WHAT THIS TASK INVOLVES
Go through the material and copy each line in which the word "Tree" shows up.

◆ ◆ ◆ ◆

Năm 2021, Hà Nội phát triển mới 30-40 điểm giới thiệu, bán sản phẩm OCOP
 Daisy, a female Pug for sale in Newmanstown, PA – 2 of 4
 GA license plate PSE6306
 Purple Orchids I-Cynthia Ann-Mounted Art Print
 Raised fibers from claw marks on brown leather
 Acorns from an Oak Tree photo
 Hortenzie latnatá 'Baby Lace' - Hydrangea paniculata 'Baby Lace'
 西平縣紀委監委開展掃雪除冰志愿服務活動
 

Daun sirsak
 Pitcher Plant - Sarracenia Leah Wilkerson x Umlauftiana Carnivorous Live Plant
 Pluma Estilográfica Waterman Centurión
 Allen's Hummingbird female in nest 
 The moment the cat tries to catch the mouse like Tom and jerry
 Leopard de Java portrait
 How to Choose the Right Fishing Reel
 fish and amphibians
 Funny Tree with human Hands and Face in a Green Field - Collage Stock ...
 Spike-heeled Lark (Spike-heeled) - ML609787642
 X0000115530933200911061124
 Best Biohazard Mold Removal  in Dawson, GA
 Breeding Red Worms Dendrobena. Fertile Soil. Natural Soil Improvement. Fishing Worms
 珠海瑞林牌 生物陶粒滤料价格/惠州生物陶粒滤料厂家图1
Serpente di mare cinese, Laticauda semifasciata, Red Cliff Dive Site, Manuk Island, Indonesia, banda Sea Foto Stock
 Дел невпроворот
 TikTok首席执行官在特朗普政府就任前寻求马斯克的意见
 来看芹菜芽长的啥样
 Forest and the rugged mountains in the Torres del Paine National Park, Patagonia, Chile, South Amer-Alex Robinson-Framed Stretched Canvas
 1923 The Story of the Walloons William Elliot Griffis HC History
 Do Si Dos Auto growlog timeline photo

◆ ◆ ◆ ◆

YOUR SOLUTION
 Acorns from an Oak Tree photo
 Funny Tree with human Hands and Face in a Green Field - Collage Stock ...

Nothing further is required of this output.